## Prompt
Reprint the lines below as they are, minus the pictures.

## Collected data
================================

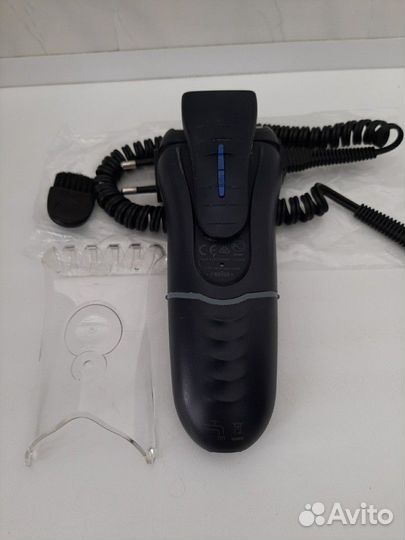 Бритва Braun 130 - сетка и нож новые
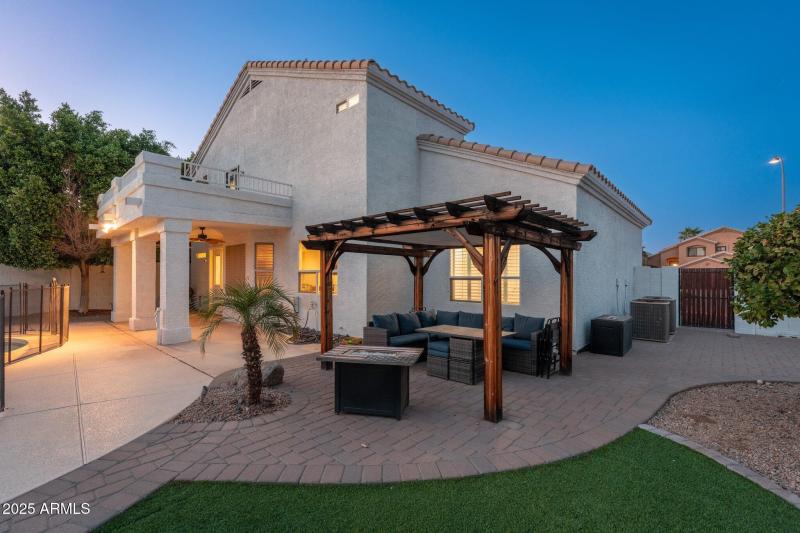 13 W Silverwood Dr - 61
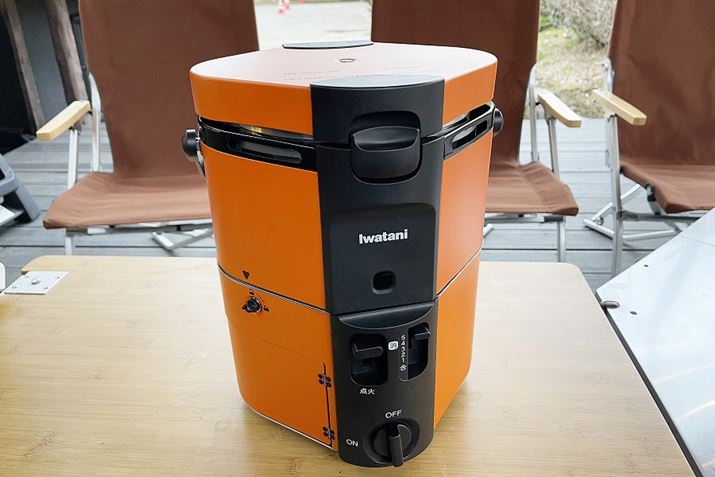 ~XȂOт\ȃKXъuHAN-goviC^jj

================================

## Result of this exercise
 Бритва Braun 130 - сетка и нож новые
 13 W Silverwood Dr - 61
 ~XȂOт\ȃKXъuHAN-goviC^jj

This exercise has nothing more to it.